Diese Ankündigung, nur kurz nach der Wahl und noch bevor ein Ergebnis feststeht, zeigt: Die Themen Klimaschutz und Nachhaltigkeit dürften unter einem Präsidenten Biden einen deutlich höheren Stellenwert haben als sie es zuletzt unter Trump hatten. Der Demokrat will 2 Billionen Euro in Klimaschutz, saubere Energie und grüne Infrastruktur investieren. Wenn es nach Biden geht, sollen die USA bis 2050 CO2-neutral sein. Investiert werden soll in sauberen Energien und unter anderem auch in eine nachhaltige Landwirtschaft. Biden will die Energiewende beschleunigen und beispielsweise die Ladestationen für Elektroautos staatlich fördern. Zudem sollen unter anderem der Stromsektor bis 2035 CO2-frei werden, Gebäude saniert und in Innovation investiert werden.

Während also beispielsweise Unternehmen aus der Wind- und Solarenergie auf einen Wahlsieg Bidens hoffen dürften, könnten der Ölindustrie unter Biden harte Zeiten bevorstehen. Im dem zweiten TV-Duell der Präsidentschaftskandidaten sorgte die Aussage Bidensfür Aufregung, dass die Ölindustrie ein Auslaufmodell sei. Er kritisierte die staatlichen Subventionen für die Branche scharf. Biden dürfte sich für eine stärkere Regulierung von Öl- und Gaskonzernen einsetzen.

Biden will zudem in Straßen, Grünflächen und Breitband-Ausbau investieren, emissionsfreien öffentlichen Nahverkehr aufrüsten und 1,5 Millionen nachhaltige Häuser und Wohneinheiten bauen lassen. Dabei sollen in den betreffenden Sektoren Arbeitsplätze geschaffen werden, zum Beispiel eine Million neue Jobs in der Autoindustrie.

Soziales

Aber auch im sozialen Bereich plant Biden massive Investitionen. In den Bereich der Care Economy, zu dem auch Pflege und Betreuung zählen, könnten unter einem Präsidenten Biden rund 775 Mrd. US-Dollar fließen. Von diesem Geld soll laut Wahlprogramm unter anderem der Zugang zu erschwinglicher Kinderbetreuung garantiert, eine Vorschule für Drei- und Vierjährige angeboten und der Beruf von Betreuern und Erziehern aufgewertet werden. Zudem will der Demokratdenr Zugang zu Pflege für Ältere und Menschen mit Behinderung ausbauen.

Den von Obama verabschiedeten Affordable Care Act, der Millionen von Amerikanern eine Krankenversicherung garantiert, will Biden verteidigen und erweitern.

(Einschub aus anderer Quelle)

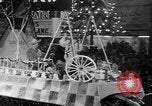 Standbild Weihnachten Prozessionen Hollywood Los Angeles California USA, 1947, aus Sekunde 61 historischem Filmmaterial Videoclip 65675056297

So sollen beispielsweise US-Amerikaner mit einem niedrigen Einkommen einfacheren Zugang zu einer Krankenversicherung bekommen und die Investitionen in kommunale Gesundheitszentren verdoppelt werden.

Biden kündigte zudem ein Programm an, dass kleinen Firmen und Unternehmern helfen soll, die Corona-Krise zu meistern. Gleichzeitig will er„Corporate America“ dazu zu bringen, einen angemessenen Anteil Steuern zu zahlen. Zudem sollen die Arbeitsplätze von Pädagogen, Feuerwehrleuten und anderen wichtigen Arbeitern gesichert werden und die Absicherung für Arbeitslose in der Corona-Krise ausgeweitet werden.

Außenwirtschaft

Mit der Hoffnung auf einen Machtwechsel im Weißen Haus ist häufig die Hoffnung auf ein Ende der Handelsstreitigkeiten verbunden. Doch auch unter Biden dürften sich diese nicht so schnell in Luft auflösen. Denn auch der Demokrat dürfte sich nicht ganz vom protektionistischen Kurs seines Vorgängers lösen, auch unter ihm würden die Handelsungleichgewichte zwischen den USA und zum Beispiel Deutschland weiter ein Konfliktpunkt bleiben.

Es gilt als sehr unsicher, dass Biden die Strafzölle, die Trump verhängt hat, unmittelbar wieder aufheben würde. Auch gegenüber China dürften die USA unter Biden weiterhin einen harten Kurs fahren. Denn auch der Demokrat will die wirtschaftliche Abhängigkeit von China verringern. Und auch in der Welthandelsorganisation WTO wird wohl kaum der Zustand vor Trump wiederhergestellt werden.

Was sich aber mit Biden wohl ändert, ist der Ton. Es wird erwartet, dass Biden die Handelskonflikte und -streitigkeiten weniger konfrontativ und eskalativ angehen würde als Trump. Auch dürfte er wohl stärker auf Kooperation und gemeinsame Lösungen – beispielsweise mit der EU – setzen. So will Biden die „Koalition mit Demokratien, die an unserer Seite stehen“ stärken und internationale Partnerschaften wiederaufbauen und erneuern.

Das gilt auch für die Streitigkeiten rund um die Ostseepipeline Nord Stream 2. Ob Biden an den Handelsstrafen festhalten würde, ist noch unklar. Auch hier wird jedoch davon ausgegangen, dass der Demokrat deutlich stärker auf Diplomatie als auf Eskalation setzen wird.